In 2011, Christie withdrew New Jersey from the Regional Greenhouse Gas Initiative, a cap-and-trade program for Northeastern energy utilities. Christie explained that RGGI was “nothing more than a tax on electricity,” which is a bit like complaining that Bruce Springsteen is nothing more than a rock musician.

Prior to Christie, New Jersey had an energy master plan calling for a 30 percent renewable portfolio by 2021, but Christie rolled it back to 22.5 percent.

As for whether climate change may contribute to worse or more frequent superstorms such as Sandy, Christie is equivocal, saying he has no time to ponder such “esoteric theories” and “distractions” when he is busy rebuilding.
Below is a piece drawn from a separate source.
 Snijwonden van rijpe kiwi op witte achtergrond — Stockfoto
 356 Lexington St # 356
But if you understand the growing impact of climate change on sea levels and storms, that will guide your rebuilding process. It does not guide Christie’s. Whereas neighboring states such as New York have updated zoning codes to require buildings in future flood zones to be two feet higher than the minimum required by the federal government, New Jersey has made no such adjustments. An editorial writer at New Jersey’s leading newspaper, The Star Ledger, reports, “as far as we know, the state isn’t using any of the available science on sea level rise for planning purposes.”
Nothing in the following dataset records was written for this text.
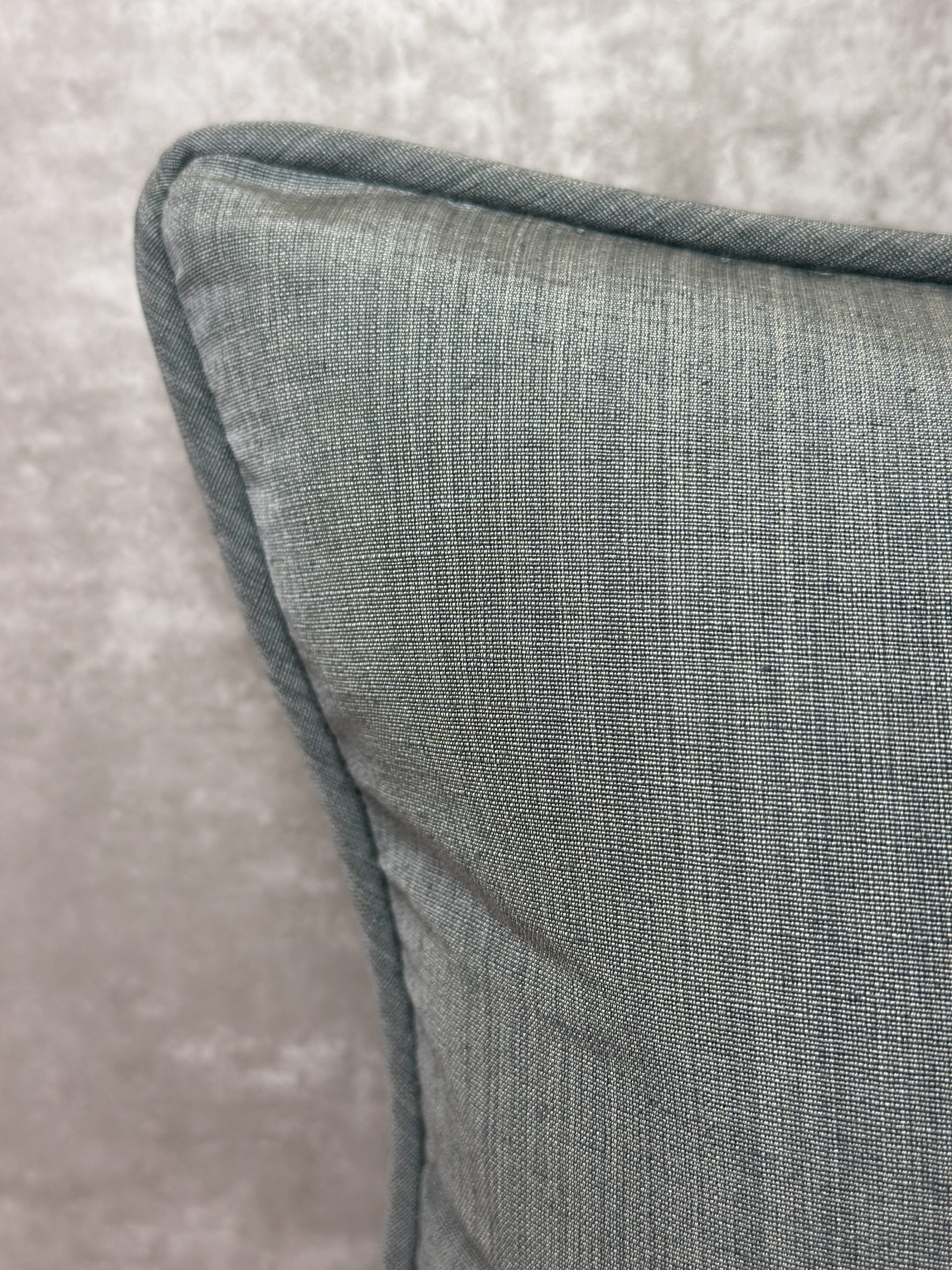 Rose Tarlow Como Pillows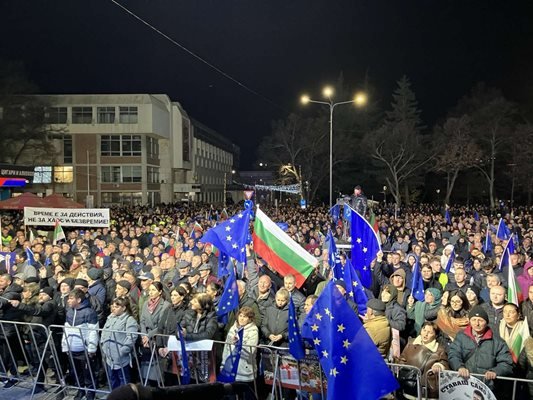 На митинга на ДПС-НН: В Кърджали пеят "Моя страна, моя България!" 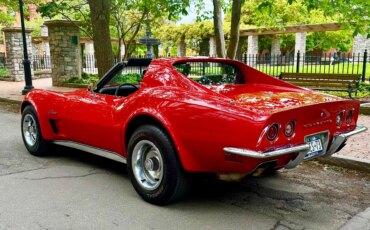 Chevrolet-Corvette-stingray-1973-Red-Black-9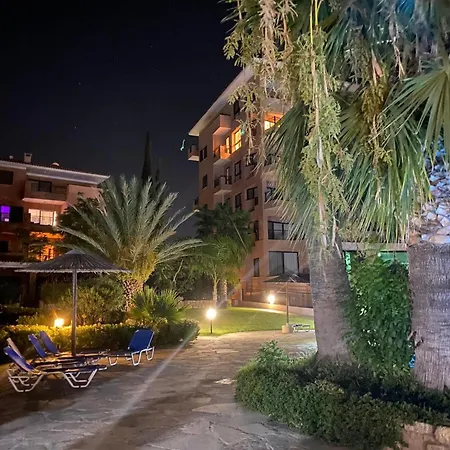 Aphrodite Gardens 2 Bedroom Appartement *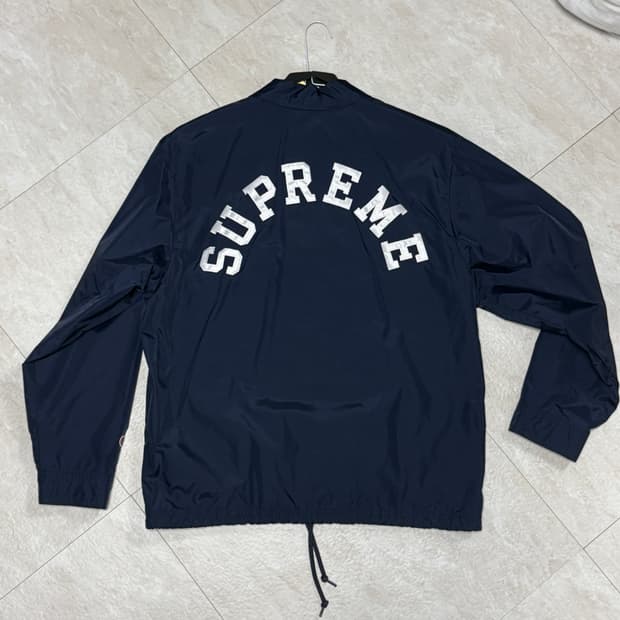 슈프림 챔피온 코치 자켓 M사이즈 24SS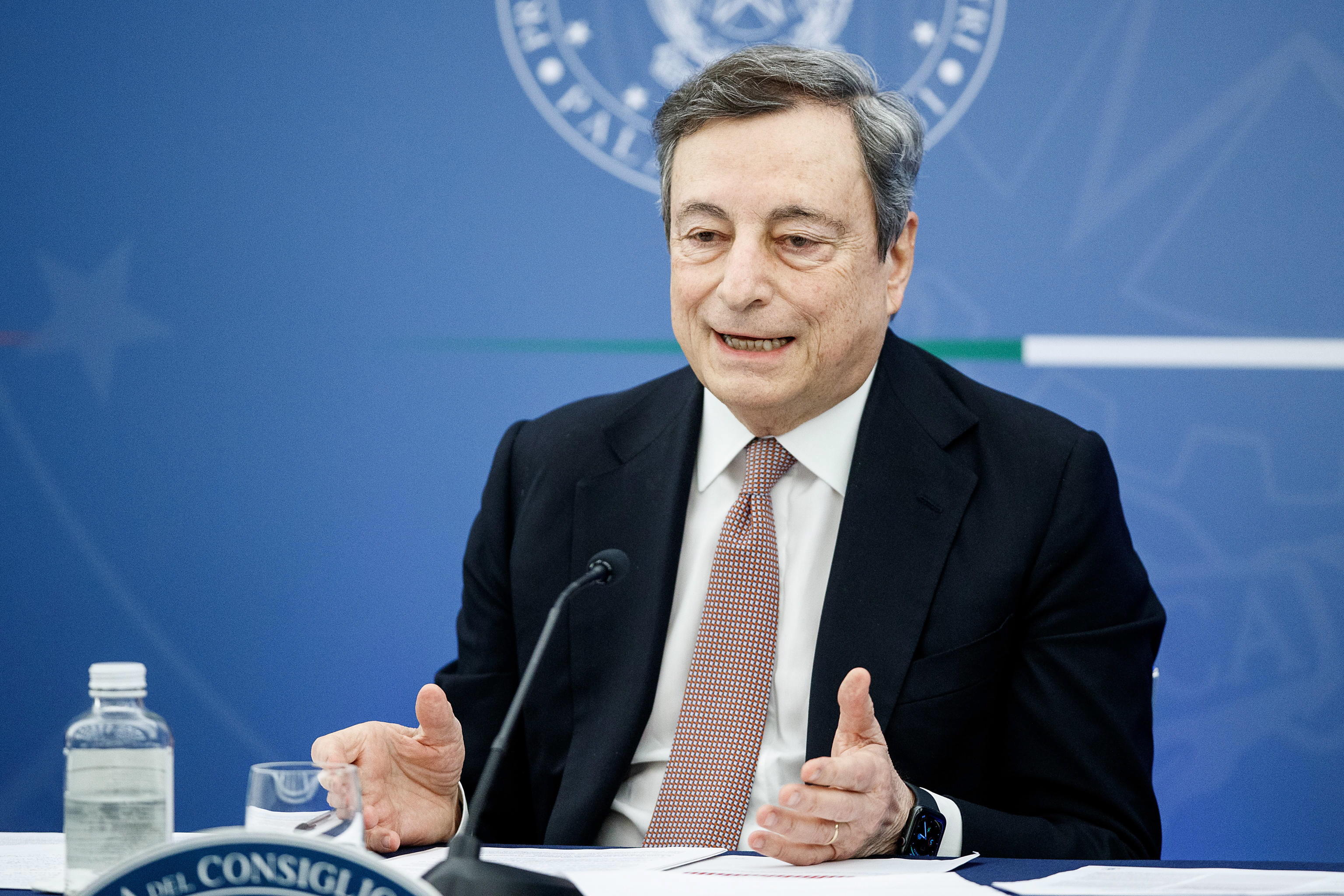 Draghi: “Io federatore del centro? Lo escludo”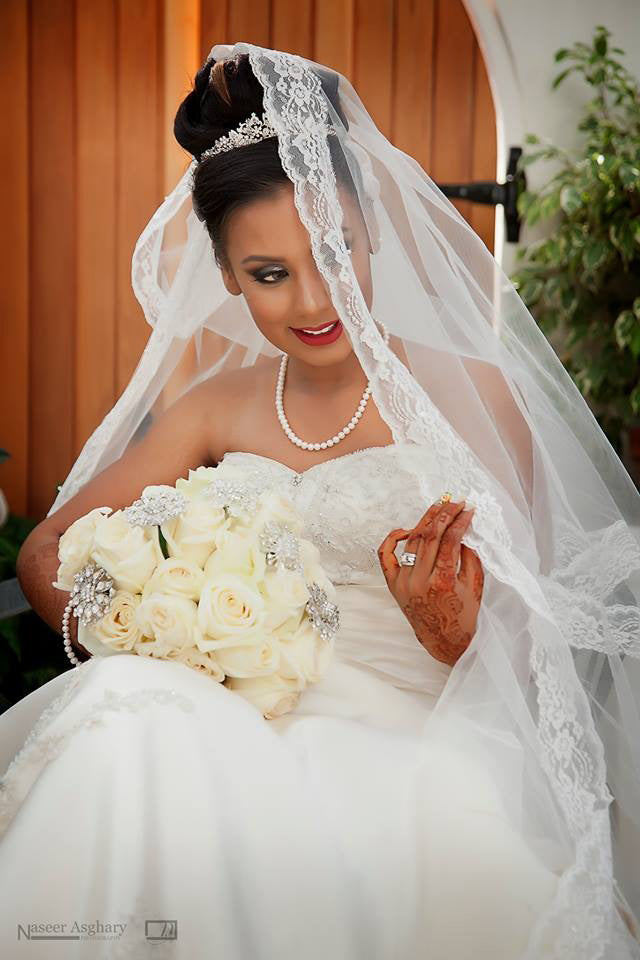 HAND TIED BRIDAL BOUQUETS-GB0181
On urban and regional planning issues, Christie has been averse to public investment. He stopped plans to build a much-needed rail tunnel between North Jersey and Manhattan, and he is privatizing New Jersey’s parks.

Thanks to his unearned reputation for moderation and pragmatism, Christie is assumed to be more concerned about the environment than his fellow Republicans. Historically, that has often been the case among Northeastern Republican governors such as New Jersey’s Christine Todd Whitman. But Christie is much more conservative than Whitman on a whole range of issues, from abortion rights to cap-and-trade.

Christie takes a different rhetorical tack than Ted Cruz, one that is more carefully designed to appeal to moderate Northern suburbanites. But he is no moderate, especially on the environment. And his refusal to engage with the latest climate science means that New Jersey will lose several years of essential preparation for rising sea levels and extreme weather events.